As soon as we have contact, it generates feeling. We get pleasant feelings, we have unpleasant feelings, we have neutral feelings. You can see how the contact is dependent arising—it is dependent on the object, the faculty and the consciousness. The feeling—pleasant, unpleasant or neutral—is also dependent: it is dependent on the contact. It’s interesting, because when we have certain pleasant or unpleasant feelings, we feel like they’re so solid, so real, so there. It is useful at that time to remember they only exist because there’s contact with the object. If there’s no contact, there will be no feeling. So it’s not like these feelings are so solid and rigid. They exist because the cause for them exists. If there’s no cause, there’s no result.
So we have the feeling. There’s nothing wrong in the feelings themselves. There is nothing wrong with feeling pleasure. That’s what we all want, isn’t it? There is nothing wrong with feeling displeasure, even though we don’t want it. It is the same with neutral feelings. There is nothing wrong with these feelings. When we get hung up, it is because of how we react to our feelings. And remember “feeling” here doesn’t mean emotional feeling. It means pleasant, unpleasant and neutral feeling. This is a slightly different usage of the word “feeling” than how we use it in liberal America.
Difference between feeling and emotion
[In response to audience] We get tangled up because there’s no word for emotion in Tibetan or Sanskrit, and our English word feeling is very vague. Our English word feeling can mean something like “I feel hot,” or “I feel pleasant,” or “I feel angry.” It has many usages. Here the word feeling is referring just to pleasant, unpleasant or neutral feelings. “Emotion” is more your reaction towards those feelings. When there is a pleasant feeling, I get all excited. I get delighted. I want more of it and I dream about it. That’s emotion. When there is an unpleasant feeling, the emotion that can arise from it is I feel discouraged, or I feel disappointed, or I experience aversion or hatred.

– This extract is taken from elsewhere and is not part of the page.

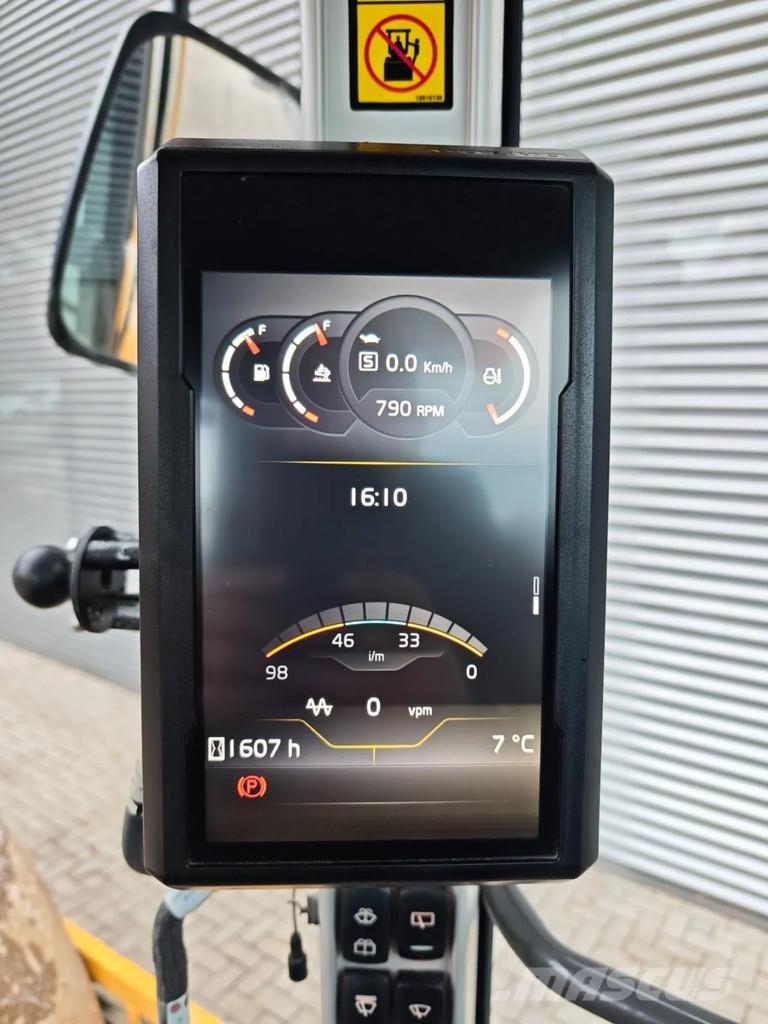 Volvo SD135B Pneimatiskie veltņi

When you’re doing the mindfulness or breathing meditation, it is interesting to try and notice the difference between the feeling and your reaction to the feeling. You might be sitting there watching the breath, and then your knee starts to hurt, so temporarily, you might put your attention on the pain in the knee. See if there’s a difference between the sensation of the pain in your knee and your feeling of, “I’ve got to move my leg, I can’t stand this!” Because what happens sometimes is, we get them all mixed up. There’s the pain in the knee, but do you see how sometimes we build up this whole story about this pain? It’s like, “I’ve got to move. I can’t stand this. Why are they making me sit here?!” There’s the physical sensation, and there is the whole emotion regarding it. They are two different things.
It is the same thing when you have a nice pleasant sensation. When you eat your food slowly and you experience some pleasant sensation, watch how the mind says right away, “I want more. I want more.” And we start planning how to get more when we haven’t even finished swallowing the first bite. But there’s a difference between the pleasant sensation on our tongue, and the mind that then jumps in and says, “Oh, this is so great. This is the best I’ve ever had and I want more. I have to have more.” So you can watch that and see where we get really hung up, which is when we don’t leave the feelings alone but instantly jump in and give them juice.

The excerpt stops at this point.